Day 6: Thursday 10.06.21 - Has anyone seen Mr Ford?
Updated: Jun 14, 2021
Today we’re off to Lindisfarne, otherwise know as Holy Island which lies further up the coast from where we are at Beadnell. It’s reached by a causeway which becomes submerged every day when the tides come in so you have to manage your trip by keeping in line with the tide timetable. We don’t want to be the car that gets stuck on the causeway and end up in the ‘idiots hut’ having to be rescued by the RNLI so we planned our trip meticulously down to the last minute. What with our track record of incidents we could just see the car floating down the estuary and us three stuck in ‘the box’. Remembering our mantra ‘no speeding, no parking tickets, no incidents’ we thought we’d get there at around 10am, walk around the island which takes approx two hours, have a coffee and leave at 1pm. The tide was due in at 13.55 which would give us plenty of time to drive off the island.
Excursion sorted we headed down to breakfast at 8am and met up with Sue and Graham where we exchanged news of what we’d been up to the previous day and what we were intending to do that day, amongst other things. Talking about what we do for a job Graham’s philosophy is ‘you go to work with the end goal in sight’….meaning if you don’t like going to work just remember why you’re going.

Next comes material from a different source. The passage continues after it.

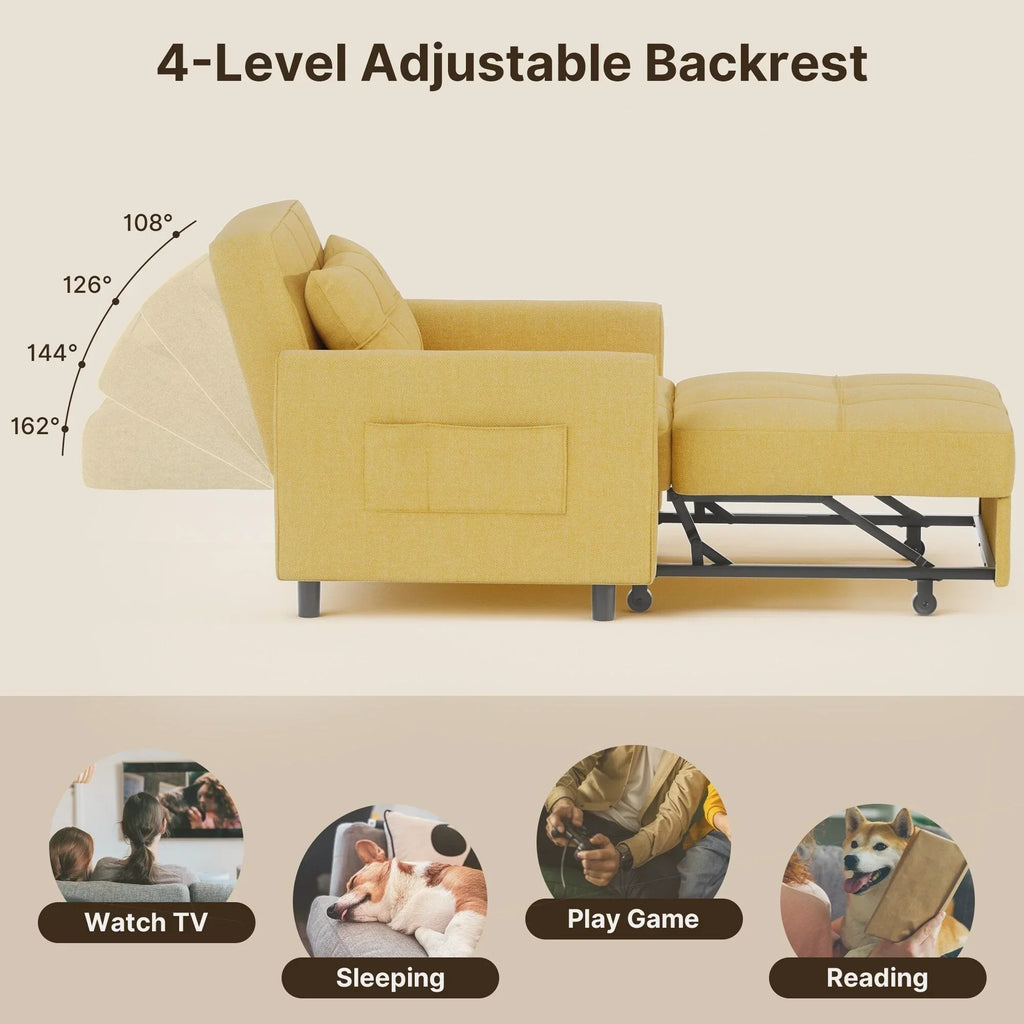 3-in-1-Schlafsofa mit verstellbarer Rückenlehne, ausziehbarer Sessel, umwandelbares Klappbett fürs Wohnzimmer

With that in mind we wished each other a good day, packed up the car and with Maice in the drivers seat, Pearl in the navigational seat hooked up with SatNav Steve and me in the back seat with Marvin, who incidentally had been there throughout the whole journey hidden under a plethora of jackets and hats we set off. To be honest we didn’t need the services of SatNav Steve all we needed to do was follow the coast road north and turn right at the signpost to Holy Island, but you never know. We can go wrong anywhere. As it was we didn’t get lost, thankfully, and arrived on Holy Island, with the other hoards of sightseers at 10am. Where to go first? We could have done with a coffee but conscious of the time restraints we saw the castle and headed off in that direction. Now owned by the National Trust you had to pre-book if you wanted to go in and as we hadn’t pre-booked, we didn’t go in so walked around it instead.
As we retraced our steps out of the castle grounds who should we bump into but our breakfast companions Sue and Graham. Well, what a small world! Graham asked us a few questions about the castle but we’re ashamed to say none of us had read the ‘blurb’ about it’s history, us being on a tight schedule that is. They were hoping to go inside but as it’s fully booked they’ll just have to walk around the outside like us and read the information maps placed outside. We said our goodbyes and headed off towards the ‘heugh’, a Northumbrian word for a steep crag and is pronounced ‘hee-uff’. Here we found the ruins of the priory and some lovely views over the estuary where we posed for photos, holding down our dresses on this very blustery day. After a visit to the local shop where we purchased some rum and gin, both distilled on the island we made it back to the carpark and were across the causeway and back on the mainland at 1.15pm. Phew. We didn’t end up in the idiots box after all!
Our next stop was the village of Bamburgh, famous for its castle, but after this week will become even more famous due to Harrison Ford and his film crew filming the latest Indiana Jones movie there. You can see cranes and lighting structures all around the castle walls and there are fields full of massive production lorries and trailers at the base of the castle. It’s all very exciting. Note to selves.……must watch the movie when it’s released, although it will be the first Indiana film I’ve ever watched!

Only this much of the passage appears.